HPC-oriented Latency Numbers Every Programmer Should Know

HPC-oriented Latency Numbers Every Programmer Should Know - latency.txt

gist.github.com

Audio isn't latency critical but GPU's aren't really suitable for such operations that's why they have deticated (usually outdated) DSP's for such purposes (for example AMD still uses old Tensilica ones). Modern SoC's with modern interconnects are much more suitable for the purpose. Unfortunately we never got a good developer bord for such a purpose with full documentation and mainlined in order to such development even ever start. Some come close HiSilicone with Tensilica P5 P6 (never got mainlined and future work is dropped thanks to sanctions), Broadcom SoC's on the more potent Pi boards with V Core ADSP which all do old could have carried a lot of development burden for which all documentation disappeared (purposely), Old Ti opma panda boards... Industry obviously doesn't want this to happen so it remains the paper dream up to this day's (especially when it comes to GPU's for which Nv is one to blame the most).
Still there is hope as modern CPU's are becoming more and more SoC alike like recent Intel graphic units on the dye (partly based on Creative DSP design), hopefully one day someone will brake the chains. Best regards and have a good time.

Davide · Jul 29, 2022

As far as I'm concerned, no one here tries to fight anything, much less physics and math.
It is a forum, and here we discuss. Obviously within the limits of everyone's knowledge and skills. And this serves to increase these.
Your comments are interesting indeed, it is nice to receive quick technical information on non-mainstream issues.
What, as a layman, I struggle to understand, is why GPUs cannot be considered suitable for audio processing, when today they provide adequate latencies in video games (from the point of view of human interaction).

voodooless · Jul 29, 2022

Dlomb11 said:
What, as a layman, I struggle to understand, is why GPUs cannot be considered suitable for audio processing, when today they provide adequate latencies in video games (from the point of view of human interaction).

It has nothing to do with the GPU, but rather the filter technique itself: looking into the future has an inherent time penalty.

pierre · Jul 29, 2022

Dlomb11 said:
I don't know if you've ever tried mastering in a DAW with 7 or 8 plugins that do x32 upsampling and 64-bit processing (sometimes they are necessary so that the chain of these does not excessively degrade the audio quality).

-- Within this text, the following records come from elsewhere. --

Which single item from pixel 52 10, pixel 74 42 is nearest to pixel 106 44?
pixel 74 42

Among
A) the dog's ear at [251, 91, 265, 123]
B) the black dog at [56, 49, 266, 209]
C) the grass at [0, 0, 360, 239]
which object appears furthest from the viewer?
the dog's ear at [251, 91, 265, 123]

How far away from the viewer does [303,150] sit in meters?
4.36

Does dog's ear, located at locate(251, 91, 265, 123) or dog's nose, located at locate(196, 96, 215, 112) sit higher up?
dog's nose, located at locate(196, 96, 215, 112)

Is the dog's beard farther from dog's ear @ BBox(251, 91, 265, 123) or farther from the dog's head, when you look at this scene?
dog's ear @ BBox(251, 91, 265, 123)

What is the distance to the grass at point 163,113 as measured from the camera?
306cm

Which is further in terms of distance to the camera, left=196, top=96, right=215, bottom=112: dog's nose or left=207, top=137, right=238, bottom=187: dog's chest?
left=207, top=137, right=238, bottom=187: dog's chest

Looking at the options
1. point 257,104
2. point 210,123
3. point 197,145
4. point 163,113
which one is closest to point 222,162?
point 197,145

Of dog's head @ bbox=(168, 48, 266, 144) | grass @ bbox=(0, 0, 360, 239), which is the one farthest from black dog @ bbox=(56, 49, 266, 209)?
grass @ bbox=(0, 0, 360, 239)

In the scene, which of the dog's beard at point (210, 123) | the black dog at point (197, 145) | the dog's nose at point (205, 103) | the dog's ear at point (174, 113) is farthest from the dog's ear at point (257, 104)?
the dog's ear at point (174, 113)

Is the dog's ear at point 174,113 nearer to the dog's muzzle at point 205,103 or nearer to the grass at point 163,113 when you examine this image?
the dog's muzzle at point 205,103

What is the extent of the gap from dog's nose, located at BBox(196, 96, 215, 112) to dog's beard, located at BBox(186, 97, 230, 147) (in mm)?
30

The CPU runs at very high loads and the latency is just as high. And the problem is that if you have 1 second of latency and you are there fiddling with the effects, you cannot directly perceive the effect of what you are doing (it's a bit like ABX tests).

This is why taking advantage of GPUs, that already exist widely, is a valid solution.

if you have a modern CPU with 32 or 64 cores, the problem goes away if your DAW knows how to use them efficiently. The other option is to buy a DSP card from AVID or BlackMagick or Waves. PT or Resolve scale well.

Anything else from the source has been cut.